We kept looking at the future. We're together! After years and years of being apart, we were finally together! What could go wrong?
I always joke that him working away from home kept our marriage together. We had our own rhythm, in our own ways. We drove each other absolutely insane for the first few months. We never fought (like in the old days), but you could tell we were on the edge.
We found a groove and the bills found a home. On my sofa table in my living room. Living got very tight. Functioning as we had before was a near impossibility. The kids had to sacrifice.
That's when we decided something needed to change.
The oilfields became viable again.
And today, well technically in the wee hours of tomorrow morning, he'll be gone again.

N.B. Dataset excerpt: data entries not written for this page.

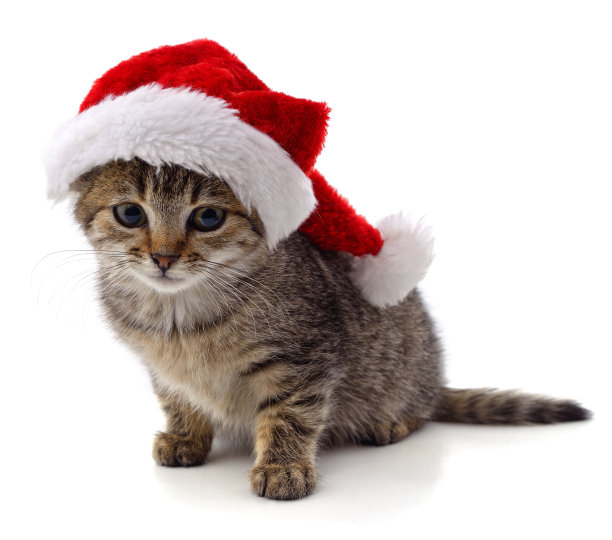 小猫在圣诞节。图片下载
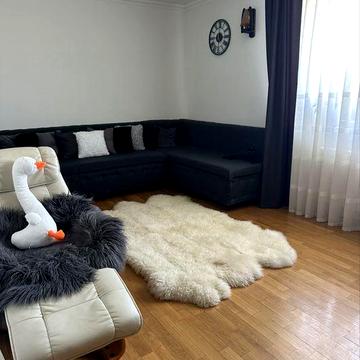 Здам в Оренду будинок м. Новоселиця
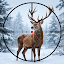 Animal Hunting Simulator 3D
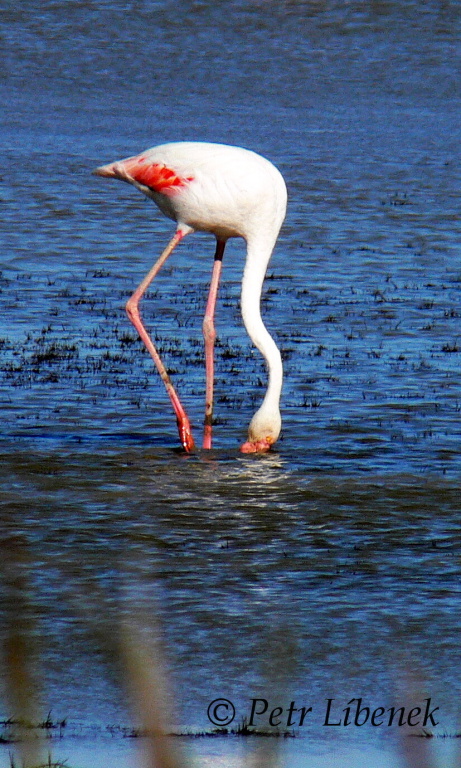 (327)Plameňák růžový (Phoenicopterus roseus)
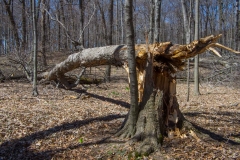 Jackson-Gunn Apr. 20, 2016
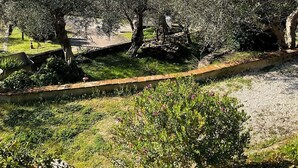 Ein Olivenhain mit Baumreihen, einem Steinweg und Blick auf weit entfernte Felder und Häuser.
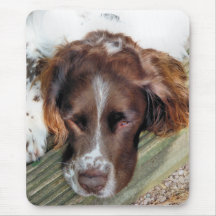 SPANIEL FÖR ENGELSK SPRINGER MUS MATTOR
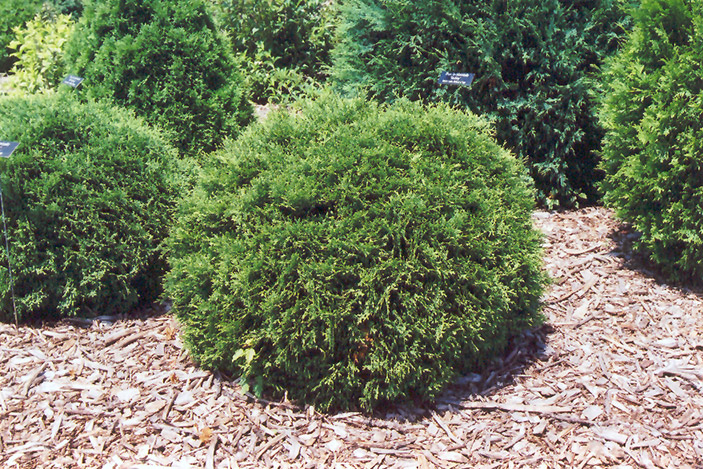 Hetz Midget Arborvitae (Thuja occidentalis 'Hetz Midget') at Alsip Home and Nursery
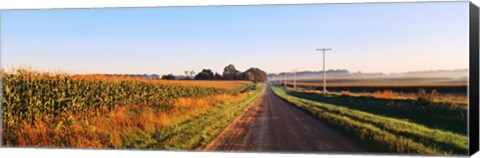 Framed Road Along Rural Cornfield, Illinois, USA Print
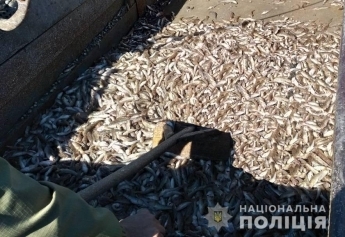 В Запорожской области задержали браконьеров (ФОТО) Фото № 0 В Запорожской области задержали браконьеров (ФОТО) Фото № 0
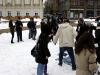 falshmob-timisoara-eutanasiere-caini-83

It's a real reality check for both of us. The kids will be able to resume their normal carefree lives (and before you lecture me, yes, I think if you can do it, your kids should be carefree!). I'll be able to pay the bills on time, but now we're all sacrificing in a different way.
People will judge what we decide is best for our family, and to those who do: I don't give a fuck what you think.
We've got a plan. I'm sure it's fluid, but we've got a plan. It's going to keep me busy. And the Patriarch to my Matriarch as well.
I hope the kids understand and remember the sacrifices we all made (them included) so they could have the lives that he and I think they deserve.
Parenting is hard. Being married is hard. Life is hard. Don't live in fear of what could be. Take the chances. Live the life. Love your significant other. And parent like a blind man in a china shop.
~Kim
I'm so glad you're writing again. I love reading your blog.